Die Handschuhe haben einen eingenähten Heizdraht und verfügen über eine Batterie. Man kann normalerweise verschiedene Heizstufen wählen…
Für alle diejenigen, denen normale Handschuhe nicht ausreichen 😉
Einfach Googeln und  mal etwas rumstöbern.

 

Außerdem sind Wechselklamotten sinnvoll, wenn man einen langen Zustieg hat.
In durchgeschwitzten Klamotten versuchen warm zu bleiben ist ziemlich aussichtslos.
Dementsprechend macht es Sinn für die untersten Schichten (Top & Longsleeve beispielsweise) Ersatzmontur einzupacken, damit man in trockenen Klamotten den Tag verbringen kann.

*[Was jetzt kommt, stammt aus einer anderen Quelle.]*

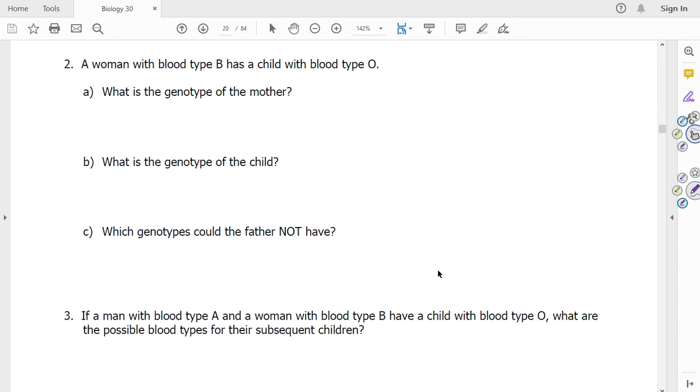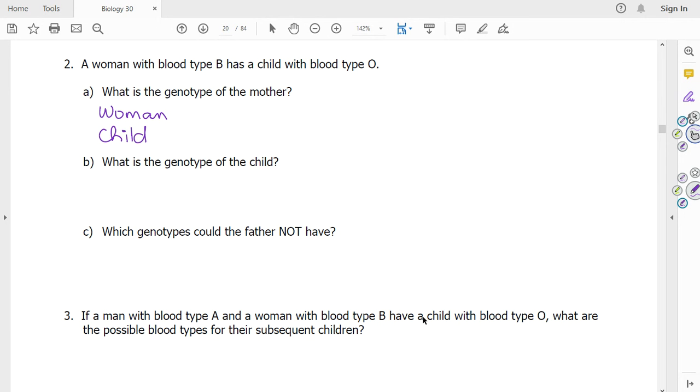On page 19, a woman with blood type B has a child with blood type O. So woman and child. The woman has to have an I^B in her genotype. The child has to have little i, little i. And so the mother then has to have little i as her allele because otherwise the child could not have blood type O.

Essen & Trinken – fuel your oven!Frau trinkt Tee am Fels mit Bergpanorama

Die Kälte zieht einem wirklich extrem viel Energie.
Deshalb ist wichtig an kalten Tagen entsprechend regelmäßig per Nahrung dem Körper Energie zuzuführen, damit er effizient heizen kann 😉

Natürlich darf der heiße Tee an kalten Wintertagen nicht fehlen!
Genauso ist warme Nahrung sinnvoll. Vom morgendlichen, warmen Porridge noch eine Portion mitnehmen zum Fels und man hat eine warme, energiereiche Zwischenmahlzeit.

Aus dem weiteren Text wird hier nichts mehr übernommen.